Jesus responds to his skeptics - Luke 11:14-32
Jesus invites us to believe the truth, that he is the one who brings the kingdom of God to bear in our lives.
Alternative Explanations
Jesus drives out a demon
Answer One - He’s a demon (Lk 11:17-28)
Answer Two - Give us a sign (Lk 11:29-32)
The pattern of events in the book of Jonah corresponds to that in the story of the Son of man. Jonah is thrown into the sea and swallowed by the fish, returns three days later to the land of the living, and proclaims God’s message to the men of Nineveh; and the career of Jesus shows the same kind of sequence—death, burial, resurrection, proclamation.

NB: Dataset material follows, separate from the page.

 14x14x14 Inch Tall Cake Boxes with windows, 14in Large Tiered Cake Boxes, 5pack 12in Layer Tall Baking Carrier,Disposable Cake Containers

The difference between Jonah’s sign to Nineveh and Jesus’s sign to his own generation is that in the latter there is ‘something greater than Jonah’ (11:32). Not someone greater, you notice: Jesus is not, strictly speaking, comparing himself with Jonah. It is the whole thing which is greater, deeper, more real. Jonah experienced a kind of death, a kind of burial, and a kind of resurrection, and he went to Nineveh with only an embryonic version of the good news—good, but limited. But in Jesus something greater is happening. The Holy Spirit has broken into the world in power, and by means of a real death, a real burial, and a real resurrection, he is able to offer to the world real salvation, at the deepest possible level. That which the story of Jonah illustrated and foreshadowed is made actual in the person of Jesus.